((

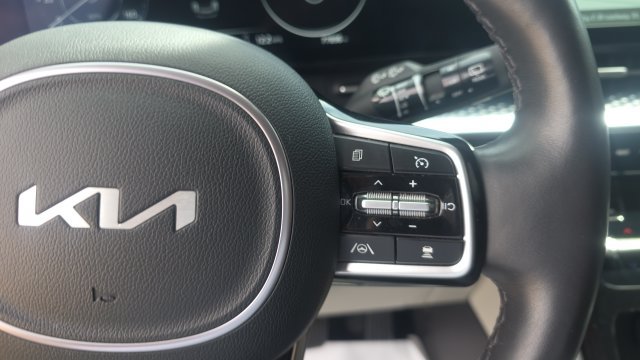 Used 2024 Kia Carnival SX Prestige FWD image 23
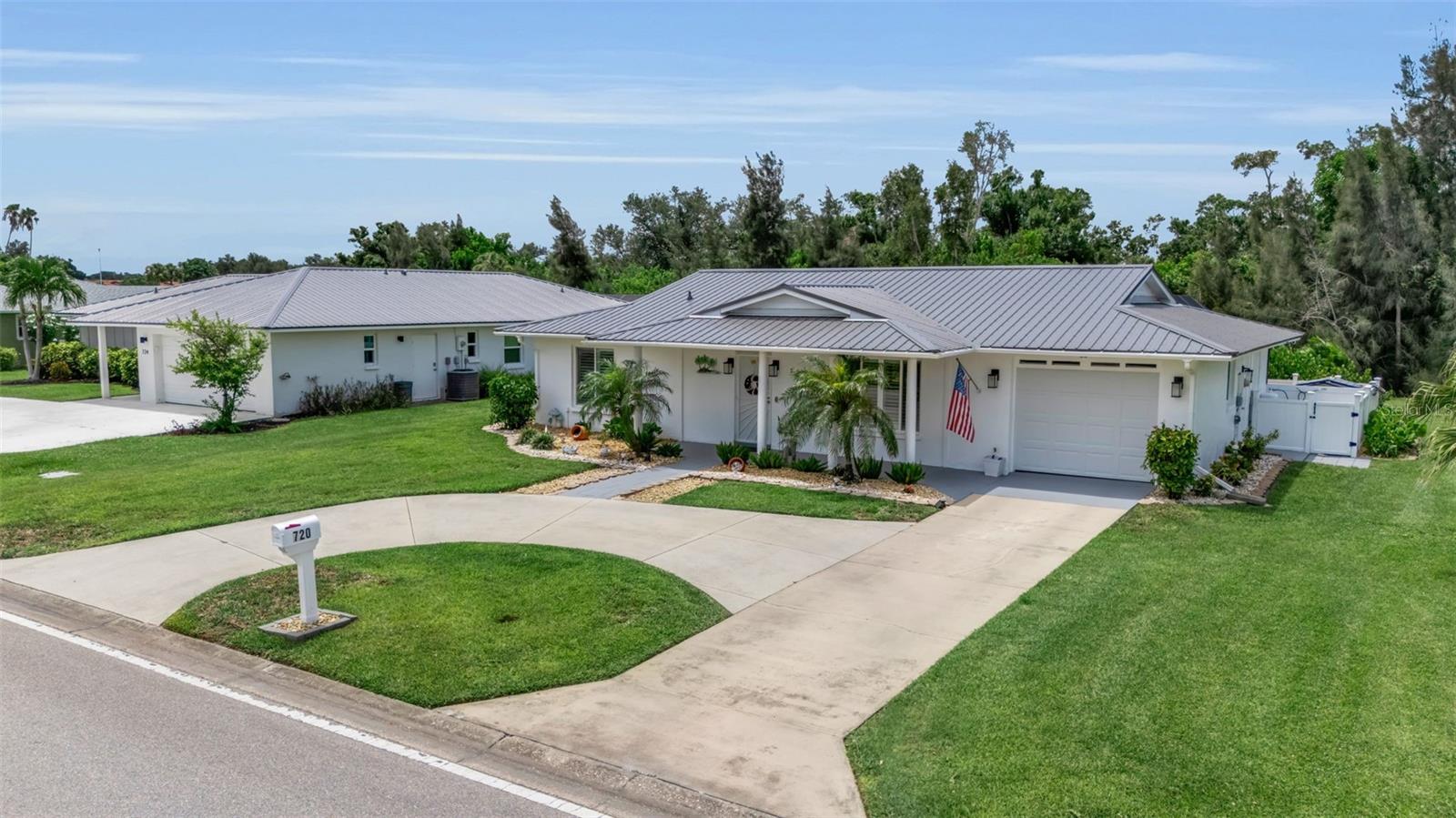 720 S Gondola Dr, Venice, FL 34293 photo
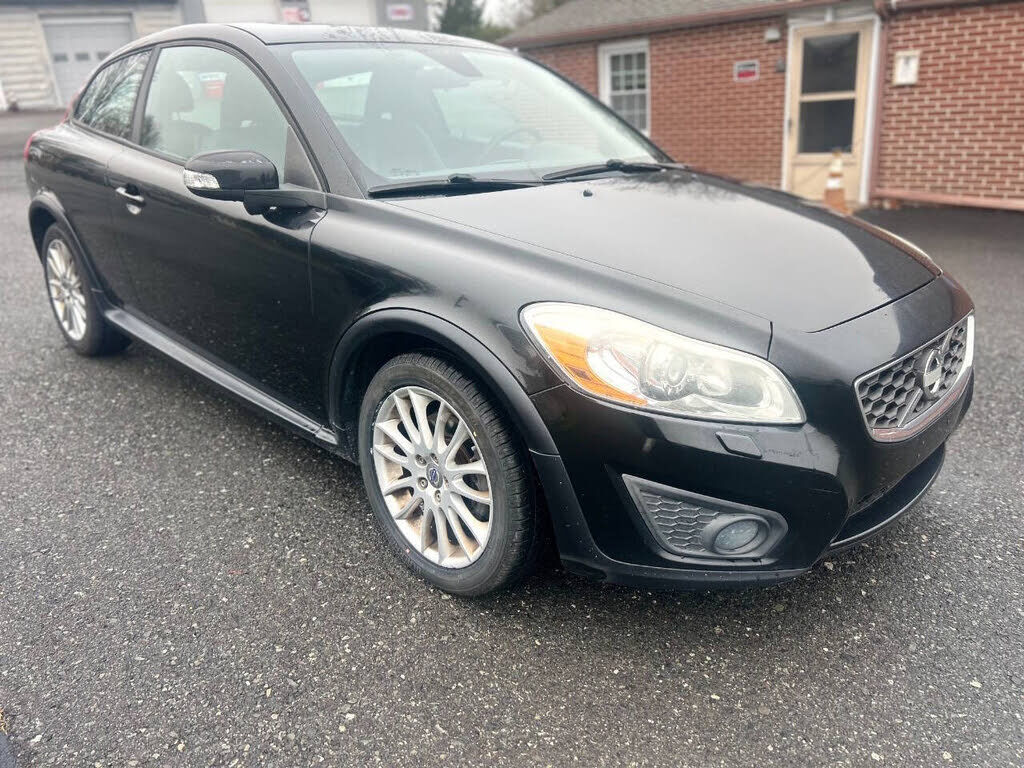 2011 VOLVO C30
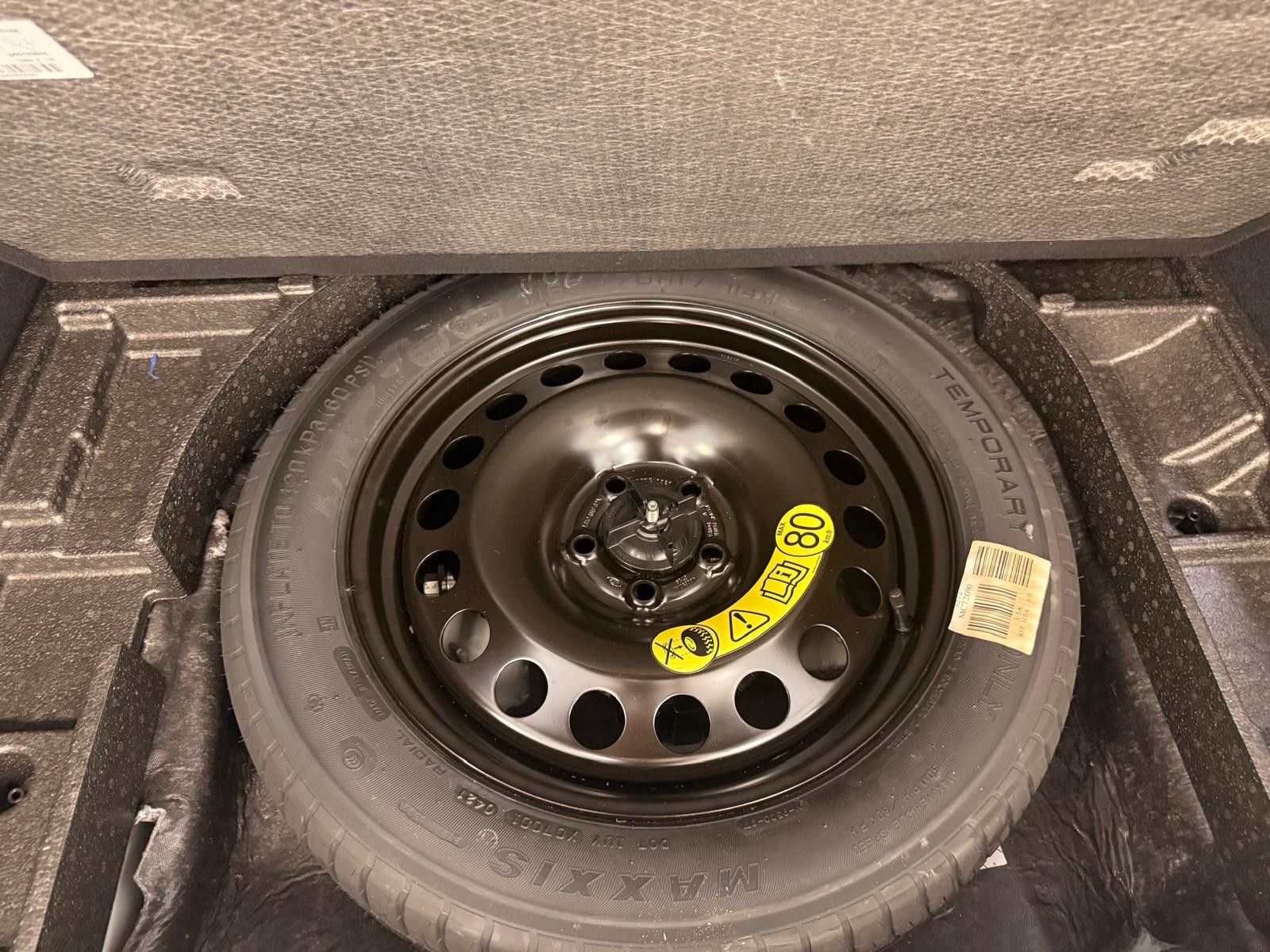 Fahrzeugabbildung Ford Kuga ST-Line X / LED / KAMERA / 25TKM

))

- Directions -
What the answer must hold is the exact text of every line from the one containing "2011 VOLVO C30" through the end of the data, minus any pictures.

- Exercise solution -
 2011 VOLVO C30
 Fahrzeugabbildung Ford Kuga ST-Line X / LED / KAMERA / 25TKM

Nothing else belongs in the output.